I am a double major in Computer Science and Economics. I went into Brandeis undeclared, but with a wide array of interests. I took a bunch of different courses freshman year, without a particular focus on a major or area of study. I highly recommend that everyone does this, because as human nature and statistics are bound to show you, most people end up changing their major at least once over the course of four years at school. Out of the 800 or so people in my graduating class, more than 400 people came in as pre-med. I think roughly half have changed their majors. (Speculation, I don't know for sure.) Double and triple majors, or multiple minors are commonplace at Brandeis. It is probably because so many of the students are dedicated to their own education, and the quality of the classes here. I decided on my Economics major early in my college career, and was still doing some 'freshman year dabbling' at the beginning of my sophomore year when I took a course in the Computer Science department. Having taken several courses in programming in high school, I had a pretty comfortable background in CoSi. The class I took is one of the 'intro' courses, but it is intense, both in workload and difficulty of material. I thought the professor was engaging, smart and he really taught the material well. The very personal nature of the CoSi department is probably what made me decide to stick with the major. The quality of the education I have received at Brandeis is top-notch, and after talking with students who are majoring in similar fields at other schools, I can say that Brandeis is right up there with the Ivies in terms of the resources it offers and the professors it staffs.

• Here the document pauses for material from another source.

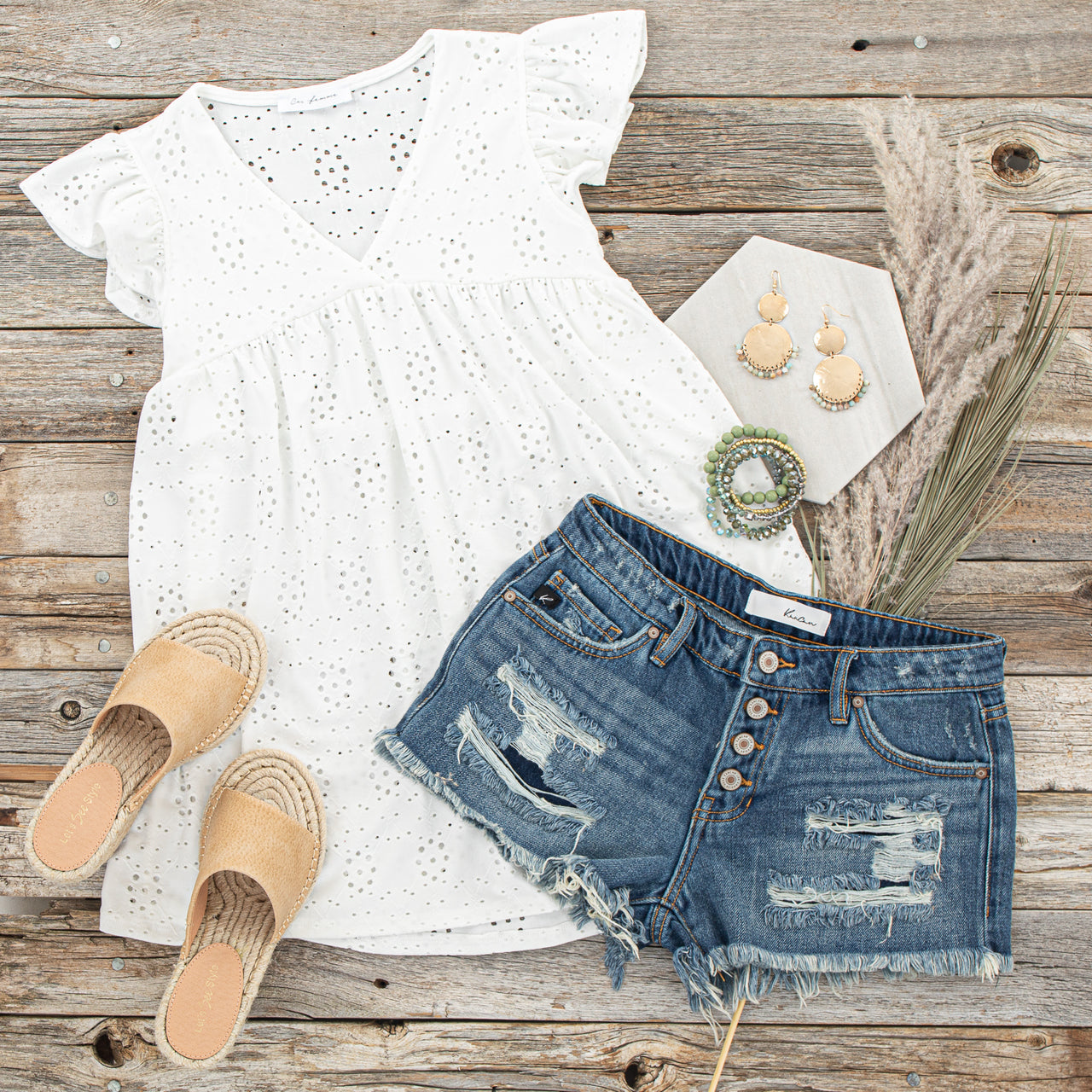 Pearl Short Flutter Sleeve Babydoll Eyelet Lace Knit Top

Our student body, I've found, has its own flavor. We aren't incredibly diverse, with at least 50% of the school being some kind of Jewish, and a strong draw for middle and upper-middle class white folks. But the administration has definitely taken notice at the mostly creamy complexion of our student body and has been actively trying to diversify over the past few years. (Reportedly, the class of 2011 is the first year to be less than 50% Jewish - though this might just be a rumor. And I don't know how easy this is to verify.) A majority of the student body is from the Boston, New York, New Jersey area, but we still have people from all over the country. We also get a good amount of international students, the top contributor being Paris. The administration also tries to get as many urban students as it can, with several scholarships and a transitional year program geared towards students who haven't had access to the best resources during secondary education. These students tend to become solid groups due to their constant interaction through scholarship and TYP events, but they are also well-integrated members of the student body and take part in clubs and social events with everyone else. Brandeis also has a 'mid-year' acceptance program where students are matriculated halfway through their freshman year. (Beginning of spring semester). It's slightly awkward when an entire dorm's-worth of freshmen appear after winter break. The mid-years have a separate orientation, a separate dorm and because they are a semester behind, usually take all of their introductory courses together. Breaking into/out of the mid-year social groups can be tricky. I have a bunch of friends who are mid-years, but I still haven't met a majority of the mid-years from my year just because they tend to stick together. It's nice to see new faces, though, and it means that new people are coming to Brandeis every semester. Brandeis' political scene is a mix of liberals, moderate liberals, and moderate conservatives. But really, what do you expect from a small liberal arts college in the Northeast?
The Best Things
Solid academics and great people.
The Worst Things
The campus is always under construction.